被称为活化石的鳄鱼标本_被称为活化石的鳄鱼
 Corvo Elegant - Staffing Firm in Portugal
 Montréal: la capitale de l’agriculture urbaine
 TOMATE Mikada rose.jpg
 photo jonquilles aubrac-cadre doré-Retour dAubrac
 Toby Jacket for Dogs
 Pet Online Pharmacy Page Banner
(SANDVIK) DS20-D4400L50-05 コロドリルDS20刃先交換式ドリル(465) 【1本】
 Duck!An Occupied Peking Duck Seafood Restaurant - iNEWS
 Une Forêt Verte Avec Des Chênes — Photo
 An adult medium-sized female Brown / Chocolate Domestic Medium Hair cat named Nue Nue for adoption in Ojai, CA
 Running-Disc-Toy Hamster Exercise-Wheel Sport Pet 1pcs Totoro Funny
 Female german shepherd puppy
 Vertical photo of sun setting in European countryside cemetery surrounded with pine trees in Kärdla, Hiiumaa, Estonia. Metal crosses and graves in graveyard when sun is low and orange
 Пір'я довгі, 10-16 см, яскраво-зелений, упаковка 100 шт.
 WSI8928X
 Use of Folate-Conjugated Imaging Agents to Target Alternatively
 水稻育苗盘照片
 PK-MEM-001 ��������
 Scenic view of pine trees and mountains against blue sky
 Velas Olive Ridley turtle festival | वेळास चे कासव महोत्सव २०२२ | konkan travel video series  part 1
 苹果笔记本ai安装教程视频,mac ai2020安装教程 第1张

● Task item
Give back exactly the lines from the first line of the records through the line holding "Female german shepherd puppy", including both of those lines and leaving out all others.

● Solution to this problem
被称为活化石的鳄鱼标本_被称为活化石的鳄鱼
 Corvo Elegant - Staffing Firm in Portugal
 Montréal: la capitale de l’agriculture urbaine
 TOMATE Mikada rose.jpg
 photo jonquilles aubrac-cadre doré-Retour dAubrac
 Toby Jacket for Dogs
 Pet Online Pharmacy Page Banner
(SANDVIK) DS20-D4400L50-05 コロドリルDS20刃先交換式ドリル(465) 【1本】
 Duck!An Occupied Peking Duck Seafood Restaurant - iNEWS
 Une Forêt Verte Avec Des Chênes — Photo
 An adult medium-sized female Brown / Chocolate Domestic Medium Hair cat named Nue Nue for adoption in Ojai, CA
 Running-Disc-Toy Hamster Exercise-Wheel Sport Pet 1pcs Totoro Funny
 Female german shepherd puppy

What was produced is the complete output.